RECORDS SHOWN:
=== Section Start ===
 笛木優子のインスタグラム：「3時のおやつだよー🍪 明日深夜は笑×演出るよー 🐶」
=== Section End ===
=== Section Start ===
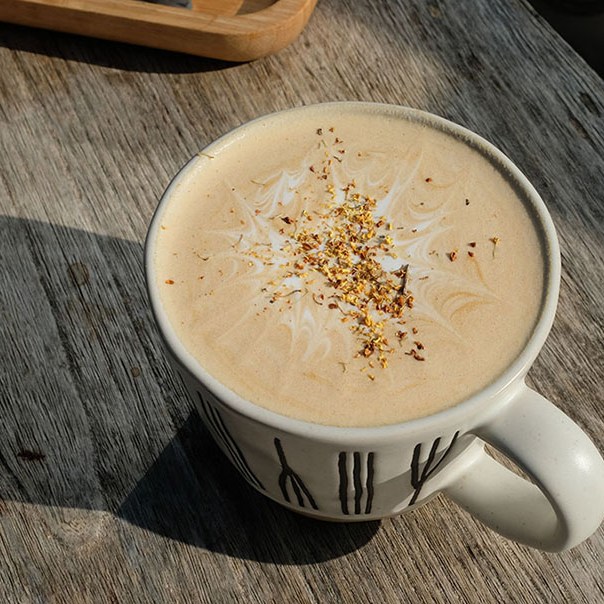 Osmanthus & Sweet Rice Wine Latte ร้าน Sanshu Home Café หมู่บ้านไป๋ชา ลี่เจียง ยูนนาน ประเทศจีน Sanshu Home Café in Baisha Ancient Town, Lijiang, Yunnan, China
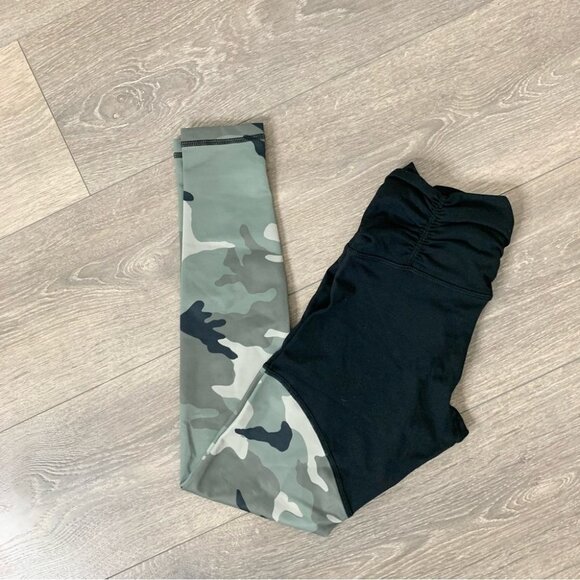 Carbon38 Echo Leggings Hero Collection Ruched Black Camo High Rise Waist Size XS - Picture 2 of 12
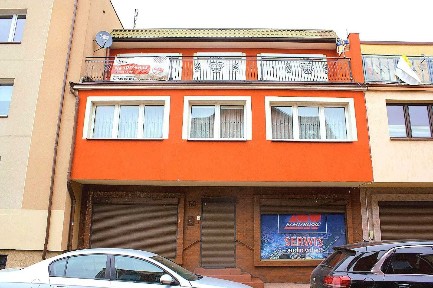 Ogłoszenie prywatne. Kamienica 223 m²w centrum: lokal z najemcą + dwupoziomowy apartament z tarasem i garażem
=== Section End ===
TASK DETAILS:
Starting with the line that contains "Osmanthus & Sweet" and finishing with the line that contains "Ogłoszenie prywatne. Kamienica", reproduce every line of the material above exactly, but not the pictures.

WRITTEN RESPONSE:
 Osmanthus & Sweet Rice Wine Latte ร้าน Sanshu Home Café หมู่บ้านไป๋ชา ลี่เจียง ยูนนาน ประเทศจีน Sanshu Home Café in Baisha Ancient Town, Lijiang, Yunnan, China
 Carbon38 Echo Leggings Hero Collection Ruched Black Camo High Rise Waist Size XS - Picture 2 of 12
 Ogłoszenie prywatne. Kamienica 223 m²w centrum: lokal z najemcą + dwupoziomowy apartament z tarasem i garażem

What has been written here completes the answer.